August 27, 2012

Obamacare and the vanishing medical miracle

Obamacare is an imminent threat to people with life-threatening medical conditions.

People with serious medical conditions often achieve miraculous results in the U.S. thanks to a private health care system that gives them the freedom to track down and go to doctors with the right knowledge and experience. These people, who have the greatest and most urgent health care needs, will be stymied by Obamacare’s new layers of bureaucracy. Instead of swiftly obtaining the right diagnosis and treatment, they will lose precious time submitting forms and filing appeals.

As every physician knows, it’s important to arrive at a correct diagnosis as soon as possible because medical conditions are most treatable in their early stages.

A recent article in The Wall Street Journal illustrates the point. “Facing Lifesaving Heart Surgery, Twice” bemoans the plight of people who had heart surgery as children only to experience further heart problems as adults. Doctors were often baffled because their hearts had been reconfigured during childhood. In some cases, the best course of action proved to be going back to the pediatric hospitals and surgeons who performed the original operations. This is possible in a private health care system because patients are correctly viewed as customers. Under Obamacare — a system that perceives people with serious medical conditions as financial burdens to a government already deeply in hock — these patients are more likely to find themselves boxed in by rules designed to contain costs.

People with serious medical conditions quickly discover that there are three key components to effective medical care. The first is a timely and accurate diagnosis. Getting the right diagnosis may require not just a second opinion, but a third and a fourth. The second component is a complete list of treatment options. Multiple opinions and options require the free flow of information that only a competitive health care marketplace can deliver.

The final component is the freedom for patients to choose what they judge to be the best course of treatment. Patients and their families are best qualified to make these decisions because they are the ones most directly affected. Under Obamacare, it’s presumed that government officials are better qualified to make these decisions, and it’s a safe bet that they will be instructed to weigh each patient’s anticipated future contributions to society against the long-term costs of keeping that patient alive.

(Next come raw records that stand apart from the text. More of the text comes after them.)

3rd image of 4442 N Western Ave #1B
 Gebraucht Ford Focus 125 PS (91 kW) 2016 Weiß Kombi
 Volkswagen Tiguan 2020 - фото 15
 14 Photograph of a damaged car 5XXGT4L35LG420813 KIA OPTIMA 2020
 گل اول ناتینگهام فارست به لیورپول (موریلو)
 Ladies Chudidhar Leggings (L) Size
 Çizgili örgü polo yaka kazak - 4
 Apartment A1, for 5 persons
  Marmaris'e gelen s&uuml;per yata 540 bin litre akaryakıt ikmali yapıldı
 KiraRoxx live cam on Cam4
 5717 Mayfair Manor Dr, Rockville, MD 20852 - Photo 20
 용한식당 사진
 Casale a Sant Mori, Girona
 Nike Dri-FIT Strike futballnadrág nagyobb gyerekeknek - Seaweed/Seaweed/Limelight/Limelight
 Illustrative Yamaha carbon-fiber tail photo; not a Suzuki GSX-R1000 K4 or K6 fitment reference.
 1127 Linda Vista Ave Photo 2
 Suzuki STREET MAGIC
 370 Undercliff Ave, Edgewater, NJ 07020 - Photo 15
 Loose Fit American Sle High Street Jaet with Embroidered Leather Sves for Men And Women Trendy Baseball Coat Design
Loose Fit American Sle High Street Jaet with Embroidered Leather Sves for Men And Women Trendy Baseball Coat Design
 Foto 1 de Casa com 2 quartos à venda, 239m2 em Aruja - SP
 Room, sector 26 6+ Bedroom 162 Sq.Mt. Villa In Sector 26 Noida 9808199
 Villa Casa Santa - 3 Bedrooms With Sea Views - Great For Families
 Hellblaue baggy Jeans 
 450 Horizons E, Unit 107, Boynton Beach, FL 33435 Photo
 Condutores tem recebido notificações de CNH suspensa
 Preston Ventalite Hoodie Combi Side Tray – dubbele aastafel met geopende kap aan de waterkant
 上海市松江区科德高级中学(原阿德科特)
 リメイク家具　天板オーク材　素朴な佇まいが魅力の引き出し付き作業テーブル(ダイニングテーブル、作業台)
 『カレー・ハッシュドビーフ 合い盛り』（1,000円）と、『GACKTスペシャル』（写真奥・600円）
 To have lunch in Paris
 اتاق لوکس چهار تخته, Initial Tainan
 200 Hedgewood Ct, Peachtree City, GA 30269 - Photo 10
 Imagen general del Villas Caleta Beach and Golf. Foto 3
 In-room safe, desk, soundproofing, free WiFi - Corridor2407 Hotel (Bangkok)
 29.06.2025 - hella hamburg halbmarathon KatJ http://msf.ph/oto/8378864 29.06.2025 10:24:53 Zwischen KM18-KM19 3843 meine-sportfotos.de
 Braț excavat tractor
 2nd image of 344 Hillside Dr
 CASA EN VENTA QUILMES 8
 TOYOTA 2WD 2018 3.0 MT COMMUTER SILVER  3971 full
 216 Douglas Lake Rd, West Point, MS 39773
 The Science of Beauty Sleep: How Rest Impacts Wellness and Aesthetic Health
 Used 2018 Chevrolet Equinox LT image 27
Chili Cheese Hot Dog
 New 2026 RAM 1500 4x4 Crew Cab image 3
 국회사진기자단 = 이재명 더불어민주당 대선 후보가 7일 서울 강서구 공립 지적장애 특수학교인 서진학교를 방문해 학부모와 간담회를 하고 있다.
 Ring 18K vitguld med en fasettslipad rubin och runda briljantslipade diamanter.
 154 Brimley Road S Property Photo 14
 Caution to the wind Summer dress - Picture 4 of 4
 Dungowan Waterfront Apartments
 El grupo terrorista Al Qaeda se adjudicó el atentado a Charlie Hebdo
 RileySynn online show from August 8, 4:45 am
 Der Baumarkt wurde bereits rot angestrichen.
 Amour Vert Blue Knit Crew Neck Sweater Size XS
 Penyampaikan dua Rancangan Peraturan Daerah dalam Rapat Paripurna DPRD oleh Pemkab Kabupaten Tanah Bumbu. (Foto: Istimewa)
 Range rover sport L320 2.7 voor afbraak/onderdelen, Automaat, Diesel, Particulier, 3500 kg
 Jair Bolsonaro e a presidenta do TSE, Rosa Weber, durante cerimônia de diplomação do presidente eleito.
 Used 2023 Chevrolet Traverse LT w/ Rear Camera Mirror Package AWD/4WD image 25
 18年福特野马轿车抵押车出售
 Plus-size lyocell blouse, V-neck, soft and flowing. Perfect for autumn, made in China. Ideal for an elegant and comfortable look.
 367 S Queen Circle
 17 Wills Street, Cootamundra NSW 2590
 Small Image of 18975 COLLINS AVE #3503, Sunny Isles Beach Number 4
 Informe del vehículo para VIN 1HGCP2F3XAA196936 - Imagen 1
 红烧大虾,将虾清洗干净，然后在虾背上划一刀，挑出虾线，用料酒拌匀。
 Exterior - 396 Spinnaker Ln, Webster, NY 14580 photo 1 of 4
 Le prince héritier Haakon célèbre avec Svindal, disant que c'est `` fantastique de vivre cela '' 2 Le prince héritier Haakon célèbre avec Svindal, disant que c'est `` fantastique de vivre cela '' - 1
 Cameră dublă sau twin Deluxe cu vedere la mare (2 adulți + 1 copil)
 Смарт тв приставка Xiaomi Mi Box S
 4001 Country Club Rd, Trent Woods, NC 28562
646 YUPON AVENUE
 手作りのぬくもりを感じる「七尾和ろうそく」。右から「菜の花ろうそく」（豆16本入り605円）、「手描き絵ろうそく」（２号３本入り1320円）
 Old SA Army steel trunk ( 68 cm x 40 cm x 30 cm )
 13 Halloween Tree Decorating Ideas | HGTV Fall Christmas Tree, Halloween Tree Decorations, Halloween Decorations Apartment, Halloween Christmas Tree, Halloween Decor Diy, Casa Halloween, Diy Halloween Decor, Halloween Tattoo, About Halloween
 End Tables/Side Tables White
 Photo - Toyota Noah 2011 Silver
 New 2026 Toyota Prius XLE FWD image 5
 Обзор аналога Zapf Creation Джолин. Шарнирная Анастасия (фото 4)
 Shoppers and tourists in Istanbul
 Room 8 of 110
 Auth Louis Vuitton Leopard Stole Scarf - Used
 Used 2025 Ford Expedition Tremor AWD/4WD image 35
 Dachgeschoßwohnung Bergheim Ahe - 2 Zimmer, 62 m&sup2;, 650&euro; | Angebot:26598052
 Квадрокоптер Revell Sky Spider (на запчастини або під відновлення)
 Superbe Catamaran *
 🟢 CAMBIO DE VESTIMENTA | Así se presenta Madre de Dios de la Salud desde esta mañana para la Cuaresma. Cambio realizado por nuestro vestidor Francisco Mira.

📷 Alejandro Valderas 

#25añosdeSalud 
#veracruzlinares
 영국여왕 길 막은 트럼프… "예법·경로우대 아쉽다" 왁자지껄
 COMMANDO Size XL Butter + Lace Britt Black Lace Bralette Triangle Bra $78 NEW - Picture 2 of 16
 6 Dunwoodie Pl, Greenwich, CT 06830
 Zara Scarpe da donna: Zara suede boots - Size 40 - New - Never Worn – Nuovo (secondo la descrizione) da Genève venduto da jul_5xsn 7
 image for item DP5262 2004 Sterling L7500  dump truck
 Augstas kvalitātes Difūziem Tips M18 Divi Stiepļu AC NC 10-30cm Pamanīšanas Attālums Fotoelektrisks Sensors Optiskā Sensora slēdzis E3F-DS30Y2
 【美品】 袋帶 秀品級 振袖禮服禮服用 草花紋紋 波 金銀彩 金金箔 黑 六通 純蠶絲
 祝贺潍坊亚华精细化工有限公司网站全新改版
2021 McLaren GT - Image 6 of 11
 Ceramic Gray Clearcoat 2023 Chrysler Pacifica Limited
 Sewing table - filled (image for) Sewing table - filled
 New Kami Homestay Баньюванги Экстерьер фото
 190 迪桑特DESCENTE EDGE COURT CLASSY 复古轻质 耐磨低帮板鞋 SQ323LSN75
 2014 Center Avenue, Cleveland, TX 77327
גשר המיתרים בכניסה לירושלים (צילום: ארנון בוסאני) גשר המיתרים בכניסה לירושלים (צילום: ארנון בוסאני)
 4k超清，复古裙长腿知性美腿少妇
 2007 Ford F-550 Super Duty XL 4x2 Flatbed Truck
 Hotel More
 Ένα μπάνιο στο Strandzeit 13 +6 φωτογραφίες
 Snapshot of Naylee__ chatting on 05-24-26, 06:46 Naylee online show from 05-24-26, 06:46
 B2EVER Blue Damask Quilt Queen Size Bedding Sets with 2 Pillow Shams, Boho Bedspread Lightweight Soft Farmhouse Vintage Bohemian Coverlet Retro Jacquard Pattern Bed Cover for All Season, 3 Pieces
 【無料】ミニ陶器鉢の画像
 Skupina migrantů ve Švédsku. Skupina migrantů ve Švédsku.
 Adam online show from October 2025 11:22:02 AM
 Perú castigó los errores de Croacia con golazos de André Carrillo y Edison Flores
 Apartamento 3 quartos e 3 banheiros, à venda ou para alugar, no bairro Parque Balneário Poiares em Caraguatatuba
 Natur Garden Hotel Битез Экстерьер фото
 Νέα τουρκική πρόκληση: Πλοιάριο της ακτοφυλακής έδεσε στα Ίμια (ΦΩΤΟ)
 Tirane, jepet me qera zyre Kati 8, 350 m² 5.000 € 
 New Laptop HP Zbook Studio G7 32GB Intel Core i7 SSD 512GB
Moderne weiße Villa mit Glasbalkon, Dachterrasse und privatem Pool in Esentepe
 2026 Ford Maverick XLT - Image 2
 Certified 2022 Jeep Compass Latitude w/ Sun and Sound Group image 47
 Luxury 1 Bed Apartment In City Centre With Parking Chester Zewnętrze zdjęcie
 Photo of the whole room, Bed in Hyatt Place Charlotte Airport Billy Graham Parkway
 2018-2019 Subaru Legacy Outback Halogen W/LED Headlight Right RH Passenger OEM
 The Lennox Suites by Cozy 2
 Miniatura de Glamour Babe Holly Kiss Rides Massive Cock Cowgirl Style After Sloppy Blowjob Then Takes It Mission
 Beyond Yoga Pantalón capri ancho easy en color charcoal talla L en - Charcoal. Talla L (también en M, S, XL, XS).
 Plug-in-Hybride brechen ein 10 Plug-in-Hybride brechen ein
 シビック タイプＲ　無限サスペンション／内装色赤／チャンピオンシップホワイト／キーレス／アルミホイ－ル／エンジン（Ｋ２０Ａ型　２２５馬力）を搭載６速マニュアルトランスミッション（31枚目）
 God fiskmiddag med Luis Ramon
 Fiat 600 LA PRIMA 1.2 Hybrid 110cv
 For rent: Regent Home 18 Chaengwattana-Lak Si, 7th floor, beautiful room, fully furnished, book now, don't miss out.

President Obama made it clear that this is exactly where we are headed when he said, “Maybe you are better off not having the surgery, but taking the painkiller.” He was doubtlessly thinking ahead to a time when the cost to government will take precedence over what’s best for the individual. Government-run health care is the most cold-hearted health care. For example, the U.K.’s National Health Service denies kidney dialysis to patients over the age of 55 just to save money.

Another way that Obamacare will hurt people with life-threatening medical conditions is by stifling innovation. Today, the U.S. has more CT scanners, PET scanners and MRI machines than any other country. And as the country that pioneered implantable cardio-defibrillators, the heart-lung machine and robotic surgery, the U.S. offers more and better treatment options. Thanks to our private health care system, entrepreneurs are free to develop powerful new solutions, and if government ever gets out of the way they will be free to drive down costs. In stark contrast, public health care systems start by constraining costs; most innovative solutions never get off the launching pad.

It’s understandable that people with life-threatening conditions are attracted to government programs such as Obamacare. Many of these people feel they have twice lost life’s lottery: first by having a medical condition they did not ask for, and second by being saddled with extraordinary health care expenses.

Unfortunately, Obamacare provides only false security. Subsidized or even free care is of no value if it doesn’t provide the right diagnosis and the right treatment at the right time. Nor does it help to encumber hospitals, doctors and patients with massive new regulations. The only way to reduce the cost of health care while maintaining or improving quality is to permit and encourage vigorous competition.

Give the patients who consume the most health care the freedom to shop for services and make their own buying decisions and they will help drive down prices for everyone else.